Enki glances at Ninnis and communicates something with his eyes. Ninnis hops to his feet and takes the vial from Enki. He approaches me, holding the now small container like it is a holy relic.
I realize that’s precisely what it is when Enki speaks again. “This flask holds the last drops of blood from our lord, Nephil. It is the last of his body left on this Earth, free from the confines of Tartarus.”
A howl follows this statement.
“With his blood, you will bind your body with his.” He speaks directly to me now. “Over time, it will make you stronger and prepare you for the spirit of Nephil. This is a privilege beyond description and an honor we can only bestow once. Are you prepared to accept the body of Nephil? Are you willing to surrender yourself to his spirit? Will you, as lord Nephil, lead his children against the human race?” This last part is said loudly, with arms outstretched, and it is met with the loudest howl of the night.
I can feel Ull clawing to get out, but I resist him. I need to make this decision, not him, and every atom in my body is screaming, NO! It will mean revealing I am no longer Ull the hunter. It will mean my death.

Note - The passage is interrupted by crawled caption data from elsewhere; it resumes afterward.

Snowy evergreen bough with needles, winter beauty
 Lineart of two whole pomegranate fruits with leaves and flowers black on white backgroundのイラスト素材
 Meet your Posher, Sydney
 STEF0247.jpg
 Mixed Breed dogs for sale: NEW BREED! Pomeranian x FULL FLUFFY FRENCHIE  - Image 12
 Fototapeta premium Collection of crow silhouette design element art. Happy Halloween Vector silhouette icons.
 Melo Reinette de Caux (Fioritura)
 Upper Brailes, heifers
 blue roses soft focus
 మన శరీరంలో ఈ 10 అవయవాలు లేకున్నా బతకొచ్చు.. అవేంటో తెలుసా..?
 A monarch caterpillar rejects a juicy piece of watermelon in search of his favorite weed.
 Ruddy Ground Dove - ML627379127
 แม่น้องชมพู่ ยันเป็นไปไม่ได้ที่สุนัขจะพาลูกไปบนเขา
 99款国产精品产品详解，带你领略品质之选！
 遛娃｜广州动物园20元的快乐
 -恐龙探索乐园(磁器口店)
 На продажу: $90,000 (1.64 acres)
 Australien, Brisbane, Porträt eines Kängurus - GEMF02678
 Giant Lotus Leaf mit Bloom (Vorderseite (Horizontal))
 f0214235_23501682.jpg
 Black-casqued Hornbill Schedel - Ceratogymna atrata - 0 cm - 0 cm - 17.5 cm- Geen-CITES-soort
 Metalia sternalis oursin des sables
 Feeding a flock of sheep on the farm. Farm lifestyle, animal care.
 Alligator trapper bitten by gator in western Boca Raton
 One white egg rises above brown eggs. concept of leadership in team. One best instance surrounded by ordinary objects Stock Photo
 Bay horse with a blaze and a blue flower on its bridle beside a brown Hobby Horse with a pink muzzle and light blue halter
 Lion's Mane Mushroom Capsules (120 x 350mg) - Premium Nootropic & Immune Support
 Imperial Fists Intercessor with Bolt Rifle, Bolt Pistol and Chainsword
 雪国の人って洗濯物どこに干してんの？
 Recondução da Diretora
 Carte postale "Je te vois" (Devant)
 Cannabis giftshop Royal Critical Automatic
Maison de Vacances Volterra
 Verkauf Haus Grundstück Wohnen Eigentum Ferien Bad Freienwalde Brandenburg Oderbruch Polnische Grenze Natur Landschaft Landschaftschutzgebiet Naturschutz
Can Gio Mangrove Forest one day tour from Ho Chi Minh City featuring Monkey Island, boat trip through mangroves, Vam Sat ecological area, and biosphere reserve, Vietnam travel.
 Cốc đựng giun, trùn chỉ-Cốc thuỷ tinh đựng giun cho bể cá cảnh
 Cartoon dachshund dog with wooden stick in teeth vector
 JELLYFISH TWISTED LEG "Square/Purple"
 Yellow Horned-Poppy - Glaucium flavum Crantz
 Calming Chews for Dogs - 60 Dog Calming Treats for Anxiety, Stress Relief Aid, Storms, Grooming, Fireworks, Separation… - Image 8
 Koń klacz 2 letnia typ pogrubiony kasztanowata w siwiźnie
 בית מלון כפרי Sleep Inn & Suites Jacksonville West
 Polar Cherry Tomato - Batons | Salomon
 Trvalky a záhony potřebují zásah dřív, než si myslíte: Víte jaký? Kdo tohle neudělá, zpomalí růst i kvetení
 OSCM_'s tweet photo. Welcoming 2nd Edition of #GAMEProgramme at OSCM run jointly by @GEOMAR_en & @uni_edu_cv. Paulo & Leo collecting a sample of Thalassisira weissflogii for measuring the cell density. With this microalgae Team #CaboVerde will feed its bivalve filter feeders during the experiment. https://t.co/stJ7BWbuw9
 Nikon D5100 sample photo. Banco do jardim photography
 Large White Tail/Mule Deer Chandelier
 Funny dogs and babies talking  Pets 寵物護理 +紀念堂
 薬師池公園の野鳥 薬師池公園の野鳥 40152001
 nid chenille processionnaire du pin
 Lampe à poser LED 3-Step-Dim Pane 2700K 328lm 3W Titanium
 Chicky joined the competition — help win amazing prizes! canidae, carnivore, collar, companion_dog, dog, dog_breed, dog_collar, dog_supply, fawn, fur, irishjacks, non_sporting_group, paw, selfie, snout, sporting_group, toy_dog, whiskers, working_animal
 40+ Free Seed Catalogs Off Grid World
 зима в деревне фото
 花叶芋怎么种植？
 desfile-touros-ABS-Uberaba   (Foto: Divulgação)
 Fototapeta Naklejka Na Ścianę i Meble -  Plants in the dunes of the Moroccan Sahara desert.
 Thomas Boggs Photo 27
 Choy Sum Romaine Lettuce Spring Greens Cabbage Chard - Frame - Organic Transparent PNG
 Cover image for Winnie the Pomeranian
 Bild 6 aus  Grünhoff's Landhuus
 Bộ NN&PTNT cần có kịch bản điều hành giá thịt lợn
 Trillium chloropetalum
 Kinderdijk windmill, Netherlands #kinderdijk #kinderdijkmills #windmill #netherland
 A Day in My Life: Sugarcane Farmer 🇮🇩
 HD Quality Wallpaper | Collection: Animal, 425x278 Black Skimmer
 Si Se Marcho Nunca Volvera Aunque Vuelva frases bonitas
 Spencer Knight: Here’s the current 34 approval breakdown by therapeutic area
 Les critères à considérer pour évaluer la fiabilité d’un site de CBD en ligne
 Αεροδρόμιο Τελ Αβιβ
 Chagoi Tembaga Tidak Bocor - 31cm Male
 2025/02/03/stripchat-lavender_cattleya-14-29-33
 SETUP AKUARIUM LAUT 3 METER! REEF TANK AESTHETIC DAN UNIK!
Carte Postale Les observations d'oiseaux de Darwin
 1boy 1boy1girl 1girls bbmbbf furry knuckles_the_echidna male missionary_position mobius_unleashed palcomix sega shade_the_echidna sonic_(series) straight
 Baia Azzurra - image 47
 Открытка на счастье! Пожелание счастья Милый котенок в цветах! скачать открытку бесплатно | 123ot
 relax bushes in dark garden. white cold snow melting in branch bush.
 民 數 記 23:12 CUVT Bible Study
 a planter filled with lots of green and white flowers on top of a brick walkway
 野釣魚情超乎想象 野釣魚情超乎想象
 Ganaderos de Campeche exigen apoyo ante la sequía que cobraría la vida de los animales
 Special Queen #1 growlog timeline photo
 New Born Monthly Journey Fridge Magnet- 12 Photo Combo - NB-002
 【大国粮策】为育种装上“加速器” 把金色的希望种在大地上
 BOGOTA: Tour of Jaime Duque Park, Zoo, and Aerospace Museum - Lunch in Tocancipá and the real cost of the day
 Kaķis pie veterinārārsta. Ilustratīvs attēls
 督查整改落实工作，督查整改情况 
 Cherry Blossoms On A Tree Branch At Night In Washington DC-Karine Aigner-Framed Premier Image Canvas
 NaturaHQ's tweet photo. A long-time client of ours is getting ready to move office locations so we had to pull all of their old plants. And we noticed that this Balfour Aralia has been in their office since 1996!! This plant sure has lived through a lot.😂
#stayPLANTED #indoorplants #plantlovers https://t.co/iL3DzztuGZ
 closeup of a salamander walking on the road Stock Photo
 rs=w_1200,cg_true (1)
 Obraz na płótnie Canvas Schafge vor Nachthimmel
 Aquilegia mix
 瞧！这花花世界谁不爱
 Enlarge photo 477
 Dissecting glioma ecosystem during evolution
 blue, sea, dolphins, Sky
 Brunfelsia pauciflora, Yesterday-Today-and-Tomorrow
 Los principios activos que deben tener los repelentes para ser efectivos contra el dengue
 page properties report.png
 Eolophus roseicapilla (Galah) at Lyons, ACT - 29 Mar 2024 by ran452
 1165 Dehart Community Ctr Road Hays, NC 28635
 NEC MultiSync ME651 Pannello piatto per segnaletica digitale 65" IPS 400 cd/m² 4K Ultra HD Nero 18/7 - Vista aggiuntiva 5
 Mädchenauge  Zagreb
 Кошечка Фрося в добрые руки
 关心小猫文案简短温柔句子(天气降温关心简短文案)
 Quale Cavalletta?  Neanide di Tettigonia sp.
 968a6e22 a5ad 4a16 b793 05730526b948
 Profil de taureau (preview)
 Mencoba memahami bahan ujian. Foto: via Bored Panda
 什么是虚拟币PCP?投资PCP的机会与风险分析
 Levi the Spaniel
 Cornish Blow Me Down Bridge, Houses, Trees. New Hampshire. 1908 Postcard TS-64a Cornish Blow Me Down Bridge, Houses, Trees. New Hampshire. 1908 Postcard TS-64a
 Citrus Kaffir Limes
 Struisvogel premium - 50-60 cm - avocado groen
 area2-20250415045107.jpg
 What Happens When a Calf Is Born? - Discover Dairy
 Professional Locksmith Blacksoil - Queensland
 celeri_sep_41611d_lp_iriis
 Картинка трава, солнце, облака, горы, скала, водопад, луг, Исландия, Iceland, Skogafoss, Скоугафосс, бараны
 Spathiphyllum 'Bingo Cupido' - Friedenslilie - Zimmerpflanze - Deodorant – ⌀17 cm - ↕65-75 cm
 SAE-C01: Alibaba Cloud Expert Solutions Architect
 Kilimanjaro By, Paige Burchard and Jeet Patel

Not your death, a voice inside me says. Ull?
They will not kill you.
They will break you.
Again.
Say, no.
His agreement with my decision to decline reveals the error of my ways.
No, no, no.
It takes all my effort, but I speak my one-word reply with a grin.
Say, NO!
“Yes.”
37
Ninnis slowly raises the vial toward me. I detect a slight shake in his hands. His eyes are glued, not on me, his future lord, but on the blood. There is an undeniable craving in his eyes.
In all the hunters’ eyes.
I suspect many of them are fighting the urge to take the blood for themselves. Perhaps this was an honor for which all of them were considered? Perhaps they’re just envious?
Whatever the cause, something is holding them back. They’d have to get through Ninnis first, who despite craving the liquid himself, is unshakably loyal to the Nephilim. I would come next, striking with Whipsnap (well, Ull would, I’m not entirely sure what I would do) and perhaps even Enki would get involved. But even then, if they survived all of that and drank the blood, would they survive the physical bonding with Nephil’s body?